I'm using Aperture for managing my files and also for the non-heavy-retouching work, and I do like it for what it does (i.e. the shadow/highlight algorithm is so much better than the one Adobe's using in LR and PS/Camera RAW). But I hate it for what it doesn't do. Actually that's not true it just sounded more dramatic. But I do miss a couple of features that I want to be able to use non-destructively and hence: not with plugins. Those are lens correction, angle distortion correction, gradient masks, and the like.

I started looking at Capture One, and so far I really love both the quality of the algorithms they use (seems to be different since version 7), and as well the overall feature set as far as I could check it out. Looks like it's also pretty customizable.
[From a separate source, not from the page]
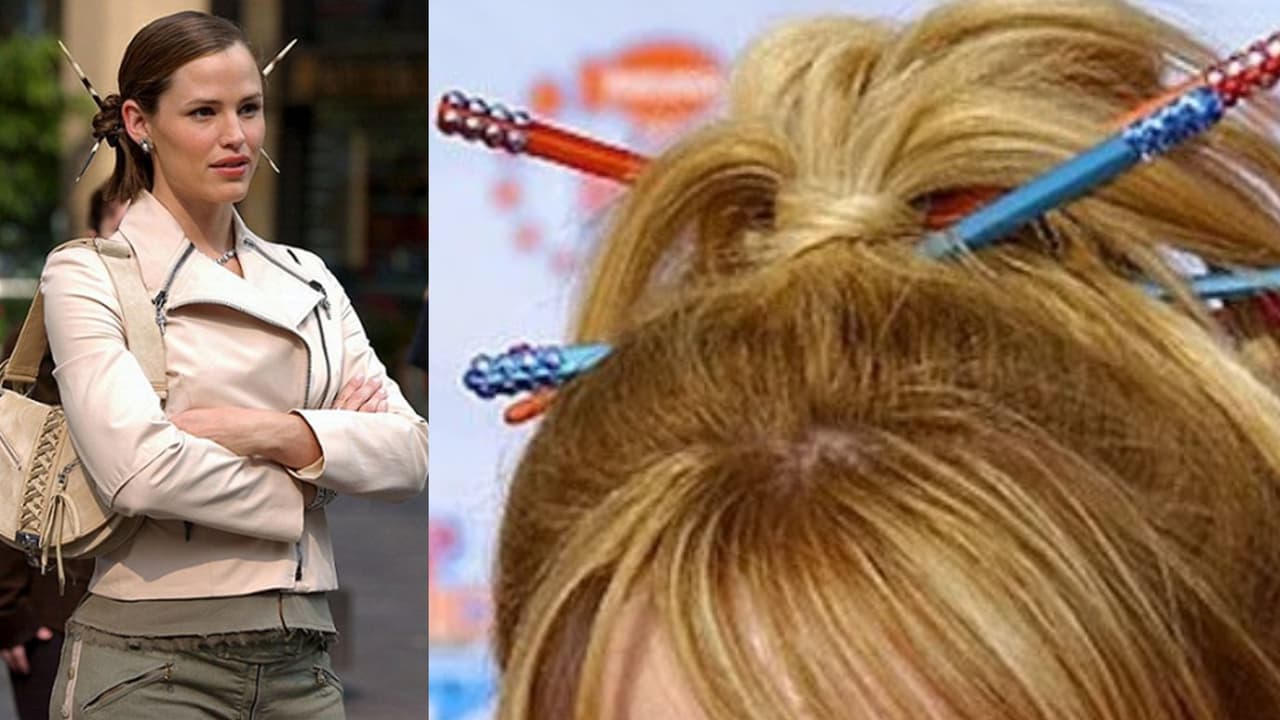 Palillos chinos en la cabeza.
Does anyone have experience with the thing, or more specifically, with switching to C1? One big, big obstacle is of course that I would lose all my non-destructive editing information from Aperture 3. I have lots, not so much for my RAW files from studio work, but on the JPEG files that I shot on event jobs, and on private "work", like family, friends etc., which is also very important for me. At least, I have always resisted to use Apertures Media Library and have my pictures sorted in my own folder structure, which is a bit of a hassle when importing new files but I guess for a switch it's a good thing.
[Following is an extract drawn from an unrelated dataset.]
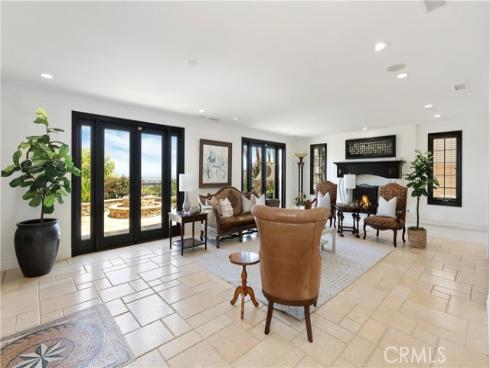 41  Balcony  , Irvine, CA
Anyone using C1 in here? And if so, do you have any advice? A good choice? And any tips on the whole switching process?

Thanks in advance,


  • GabGab Posts: 63Member
    "the shadow/highlight algorithm is so much better than the one Adobe's using in LR " LR4/CR7 has class leading performance in those areas, what version have u tried? O_o

    About C1, I've tested the trial version extensively. The color rendition is interesting, sometimes I struggle with Nikon colors in LR and C1 gets the colors right (for me) right away with its default settings, although it's not exactly natural or life like. The highlight recovery is better in LR3, than in C1. The interface and tools are not that good. A possible workflow I found for the times when I cannot get those "crazy awesome" colors right in LR alone is to batch convert my nefs to tiff with C1 & then load it in LR and fine-tune them. Overall it's not so bad, but it has a long way to go until I would consider using it on a day to day basis.

    I recommend you to download the trial as well and try it out.
  • chris_weinertchris_weinert Posts: 3Member
    Thanks for your answer, and yes, I wasn't even aware of the rehaul of Adobe's Camera Raw engine, since I'm using CS5. I never need all the features of the updates, so most of the time I update for other reasons only. Good to know. I just downloaded LR4 and yes, the highlight rescue looks very good, a big difference vs. the old engine.
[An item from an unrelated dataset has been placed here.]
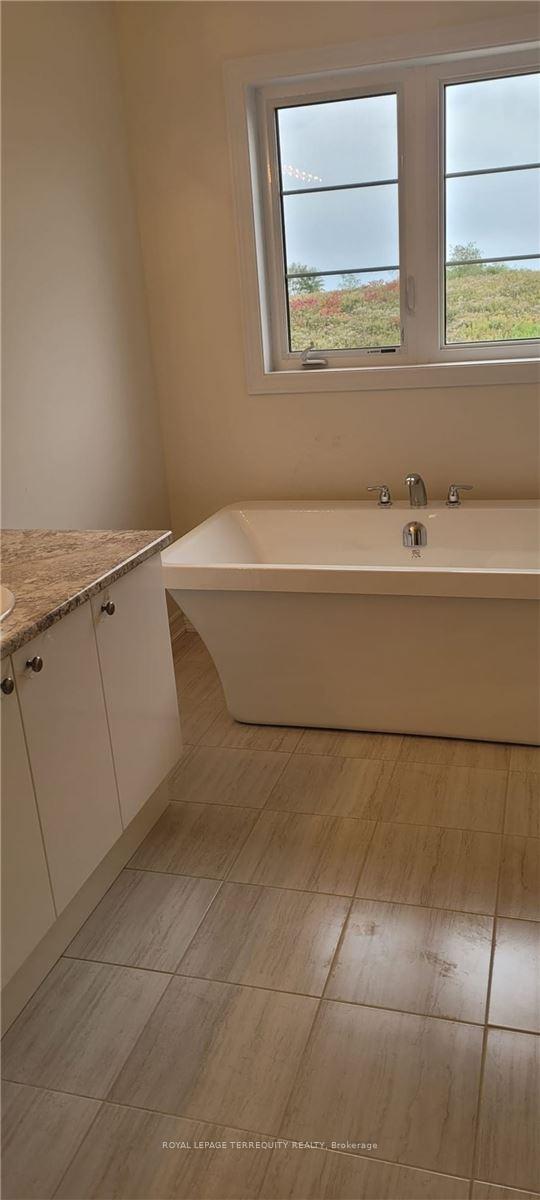 Photo 19 of 1077 Skyridge Boulevard, Pickering, Rural Pickering — HOMEH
    I had downloaded the C1 demo, of course, but it's always good to hear some other opinions.

    I've just rethought the whole thing, though. Both Capture One and LR4 don't offer a regular channel mixer for b/w conversion, but those strange +/- faders. I'm a big fan of anything that I can understand from my analog lab times, and b/w conversion is just a too important thing for me to leave it up to a "black box" that I can't intuitively work with...

    So I guess I'll just wait if they do update Aperture this year, and if not, I'll dive into all those digital mystery faders and convert to LR.

    Thanks for your hints!
  • AdeAde Posts: 1,071Member
    Chris if you're serious about B&W conversion you might want to check out Nik's Silver Efex Pro. Absolutely heads & shoulders above everything else. They have a 15-day free trial. I currently use it in conjunction with Aperture (as a plug-in) and also from Photoshop.